■ EXERCISE INSTRUCTIONS:
Output all of the data exactly as it appears, but leave out any pictures it contains.

##########

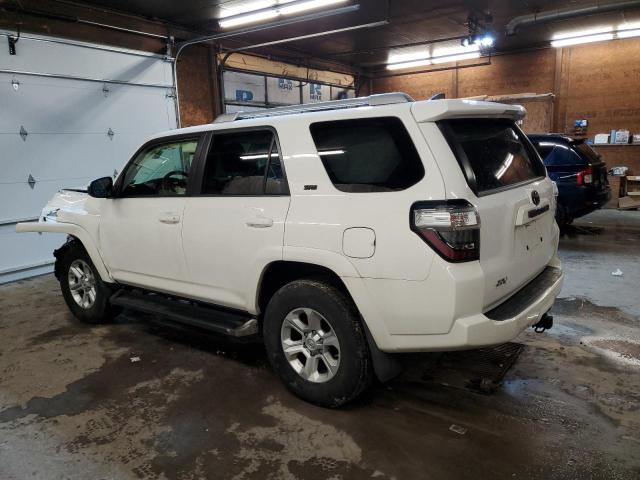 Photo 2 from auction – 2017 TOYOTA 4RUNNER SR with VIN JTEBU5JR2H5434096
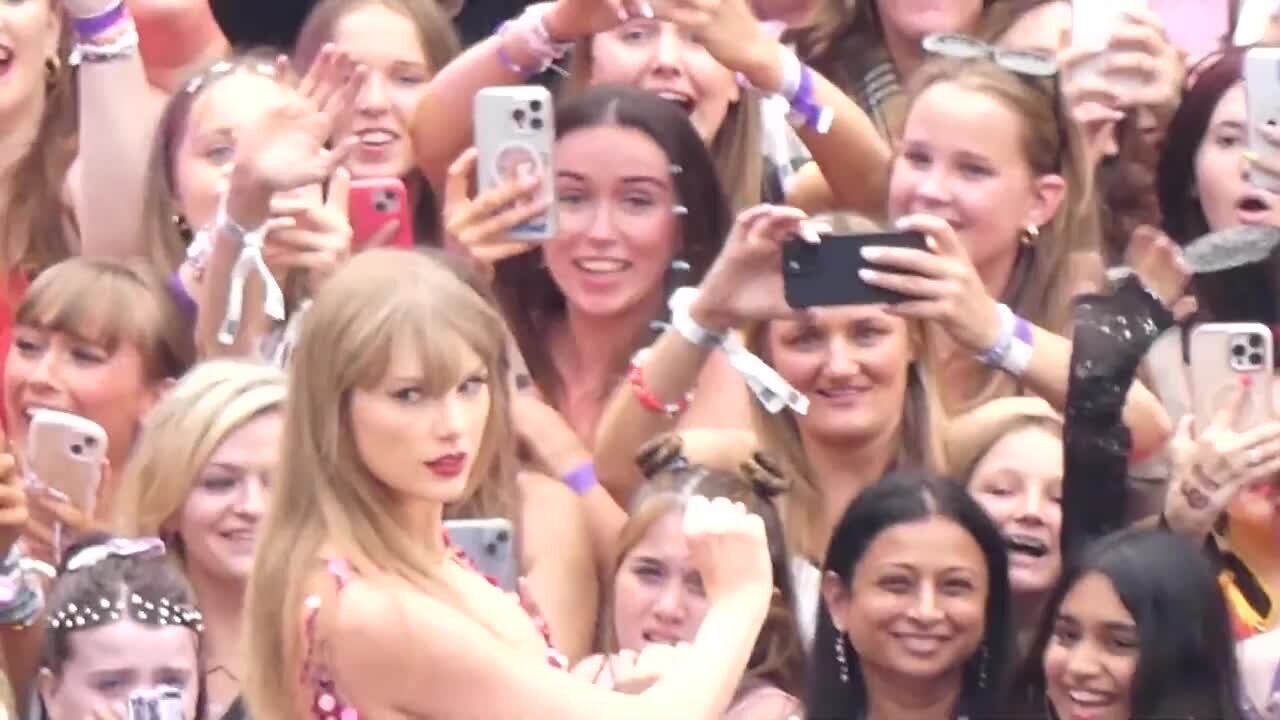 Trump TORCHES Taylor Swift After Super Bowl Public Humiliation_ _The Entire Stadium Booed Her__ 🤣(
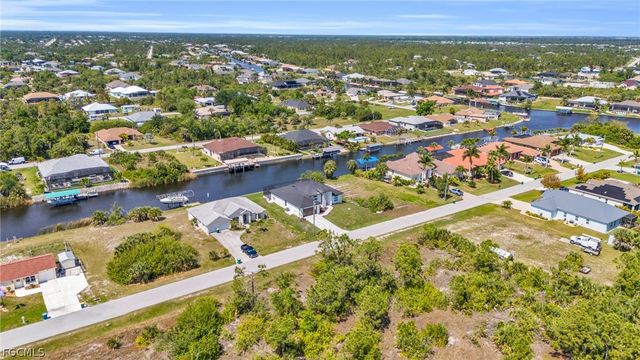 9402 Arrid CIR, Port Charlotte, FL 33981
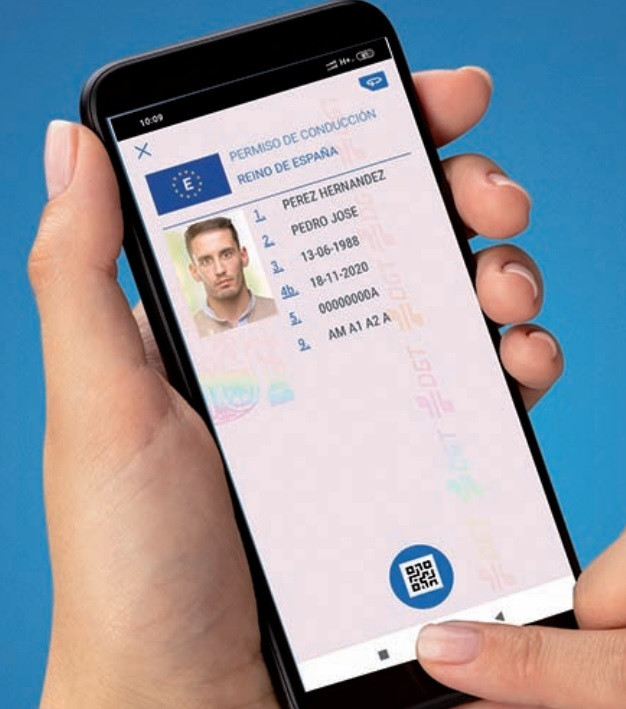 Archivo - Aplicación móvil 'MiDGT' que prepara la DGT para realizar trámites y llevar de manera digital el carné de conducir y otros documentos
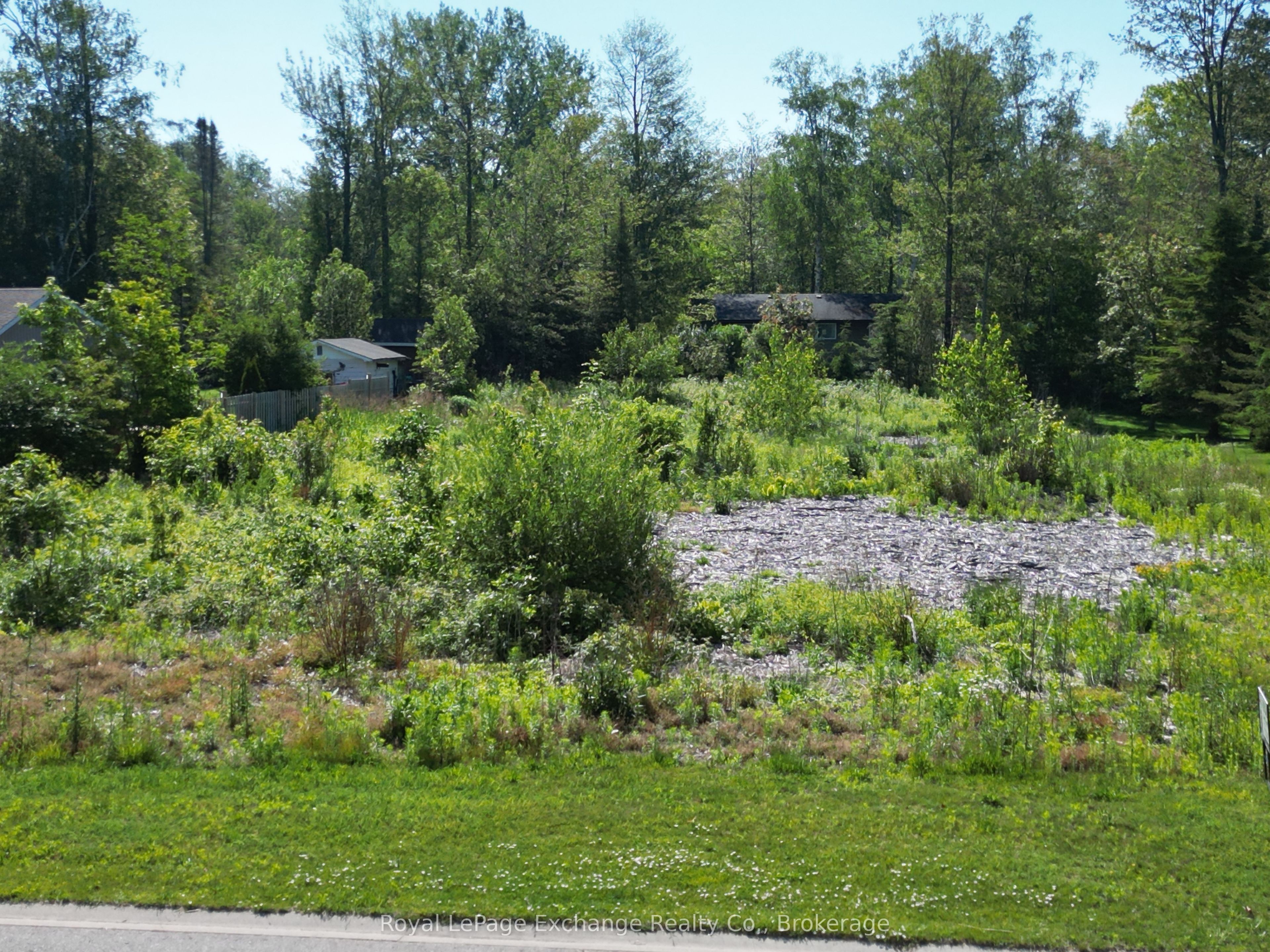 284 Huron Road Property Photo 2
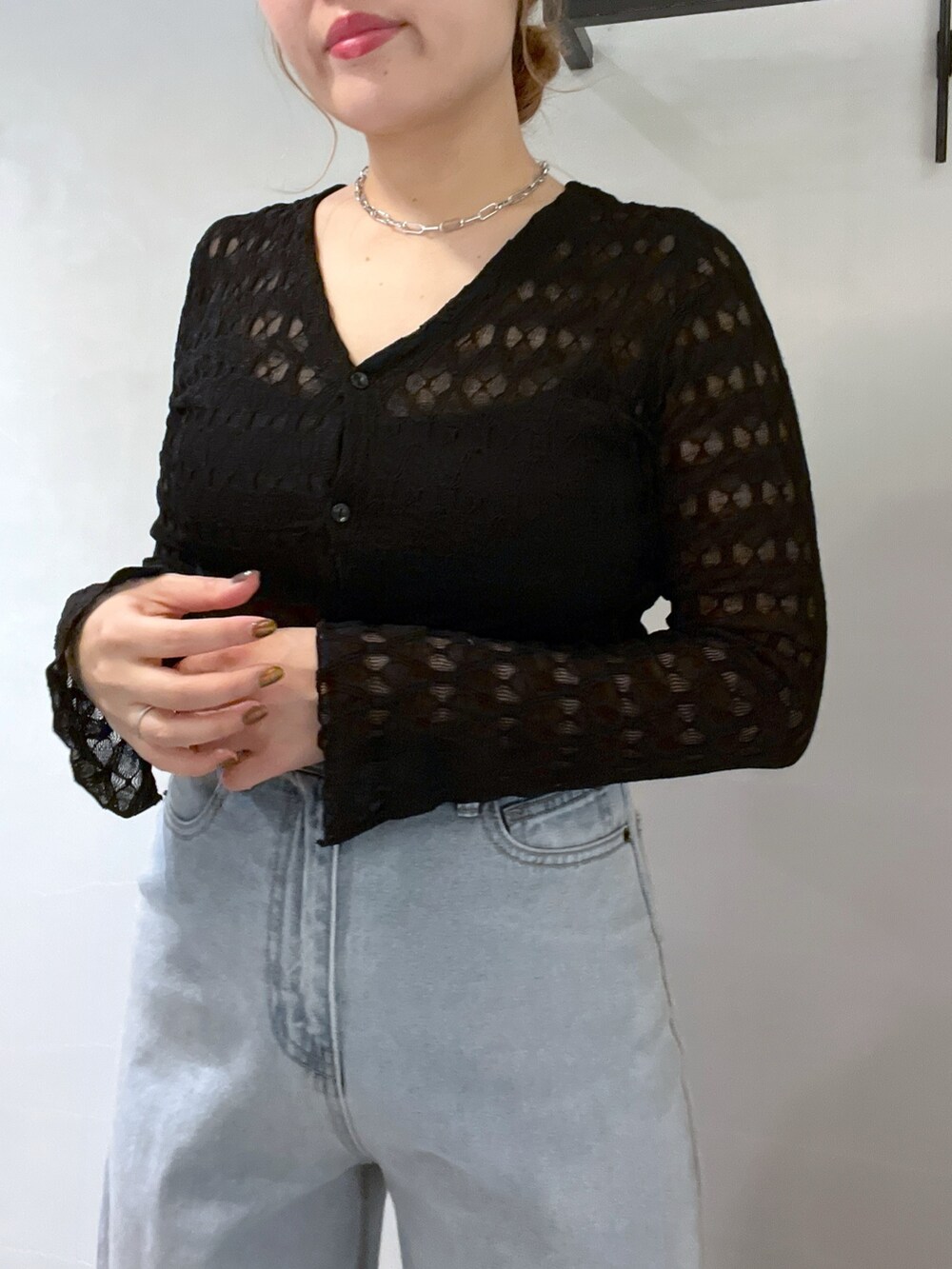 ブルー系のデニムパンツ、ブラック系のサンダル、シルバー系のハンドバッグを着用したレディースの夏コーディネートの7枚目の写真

##########

■ SOLUTION:
 Photo 2 from auction – 2017 TOYOTA 4RUNNER SR with VIN JTEBU5JR2H5434096
 Trump TORCHES Taylor Swift After Super Bowl Public Humiliation_ _The Entire Stadium Booed Her__ 🤣(
 9402 Arrid CIR, Port Charlotte, FL 33981
 Archivo - Aplicación móvil 'MiDGT' que prepara la DGT para realizar trámites y llevar de manera digital el carné de conducir y otros documentos
 284 Huron Road Property Photo 2
 ブルー系のデニムパンツ、ブラック系のサンダル、シルバー系のハンドバッグを着用したレディースの夏コーディネートの7枚目の写真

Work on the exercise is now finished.